▸ **Your instructions**
Repeat the entries without change, omitting the pictures.
____________________
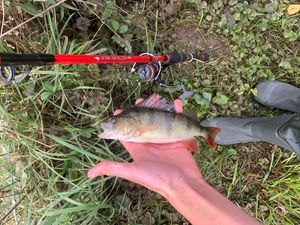 Yellow Perch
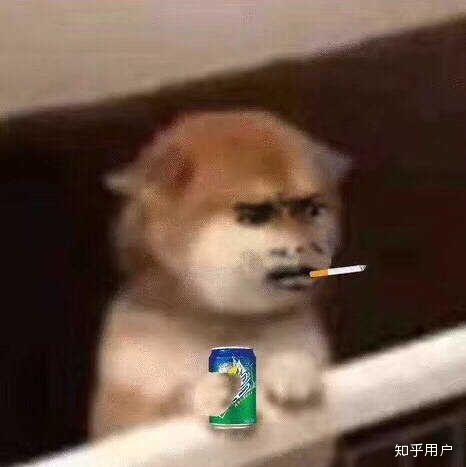 如何看待香港一年制硕士?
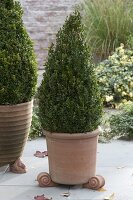 Box in terracotta pots on winter terrace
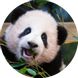 정하르방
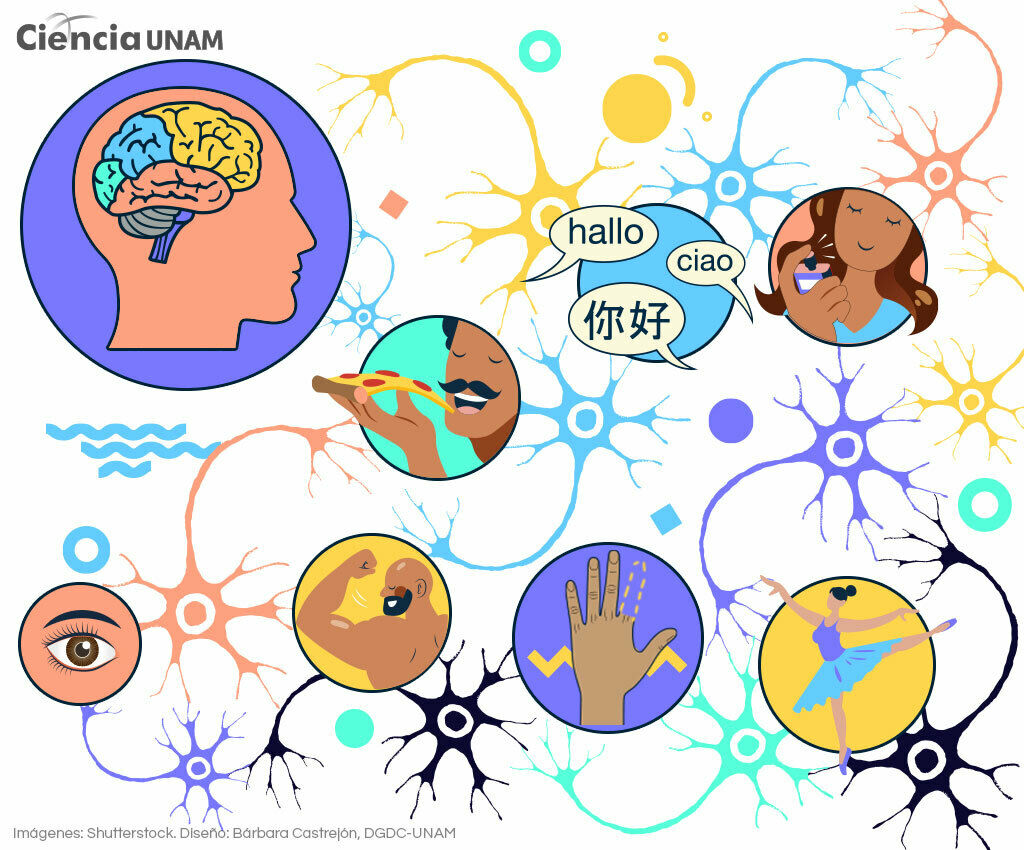 Plasticidad Sin Ptica Desde Un Punto Psicol Gico Mind Map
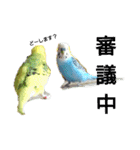 リアルセキセイインコの日常会話（個別スタンプ：24）
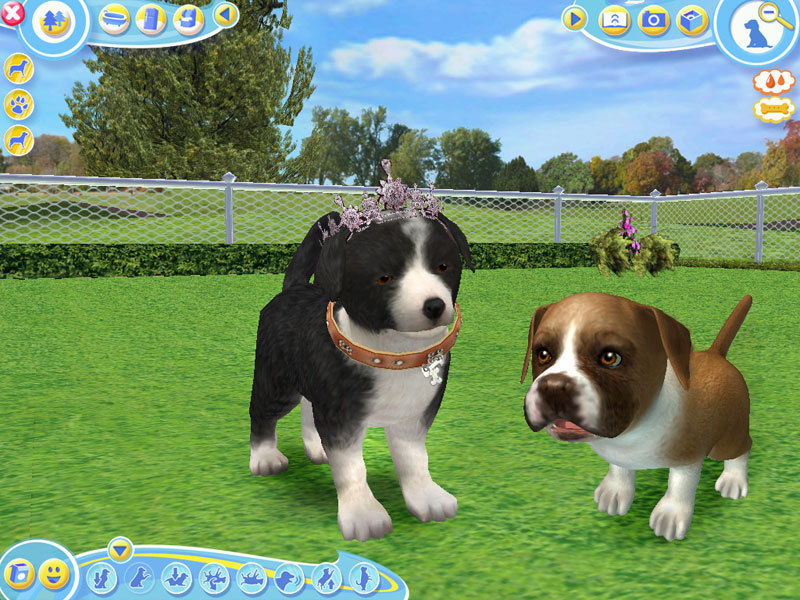 Petz 5 computer game Petz 5 computer game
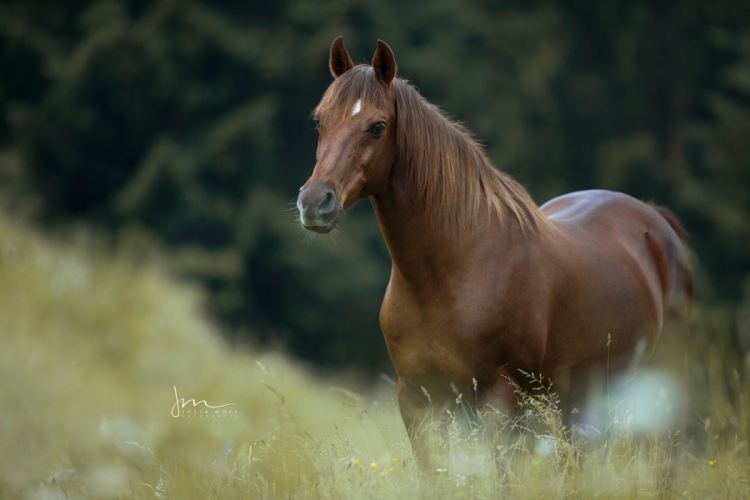 Arabisches Pferd in einem Moment der Stille auf der Weide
____________________
▸ **Written answer**
 Yellow Perch
 如何看待香港一年制硕士?
 Box in terracotta pots on winter terrace
 정하르방
 Plasticidad Sin Ptica Desde Un Punto Psicol Gico Mind Map
 リアルセキセイインコの日常会話（個別スタンプ：24）
 Petz 5 computer game Petz 5 computer game
 Arabisches Pferd in einem Moment der Stille auf der Weide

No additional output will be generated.